Kommen nun die umstrittenen Uploadfilter? Darüber wird derzeit hinter den Kulissen in Brüssel verhandelt. Nach einem Bericht des “Standard” will der deutsche EU-Vorsitz “technische Mittel” einsetzen, um Terror-Propaganda in kürzester Zeit aus dem Internet zu löschen. Das Europaparlament ist dagegen, auch die Uno warnt vor allzu rigiden Regeln. Auch ein Verschlüsselungsverbot und “Backdoors” sind weiter im Gespräch…

Was fehlt

Der Appell von Kanzlerin Merkel, schnell das EU-Budget zu verabschieden.  Die Zeit sei knapp, da der Haushaltsrahmen und die Corona-Krisenhilfen zum 1. Januar in Kraft treten sollten, hieß es nach einer Videokonferenz mit EU-Kommissionschefin von der Leyen und Parlamentspräsident Sassoli. Merkel hatte sich geweigert, direkt in Verhandlungen mit dem Parlament einzutreten.

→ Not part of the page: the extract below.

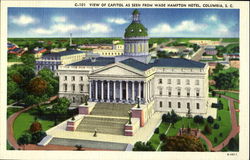 View of Capitol as seen from Wade Hampton Hotel Columbia, SC Postcard Postcard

Nun, da die Abgeordneten klein beigegeben haben, macht sie Druck.

Das Letzte

Das Europaparlament in Brüssel hat sich trotz Lockdown zum Corona-Hotspot entwickelt. “Allein am vorletzten Wochenende hatten wir 171 Ansteckungen”, sagte Parlamentspräsident Sassoli. Der Italiener verteidigte zugleich die Schutzmaßnahmen, die offenbar ziemlich wirkungslos waren. Der CSU-Abgeordnete Ferber hatte Sassoli zuvor vorgeworfen, die “Arbeit des Parlaments zu behindern”…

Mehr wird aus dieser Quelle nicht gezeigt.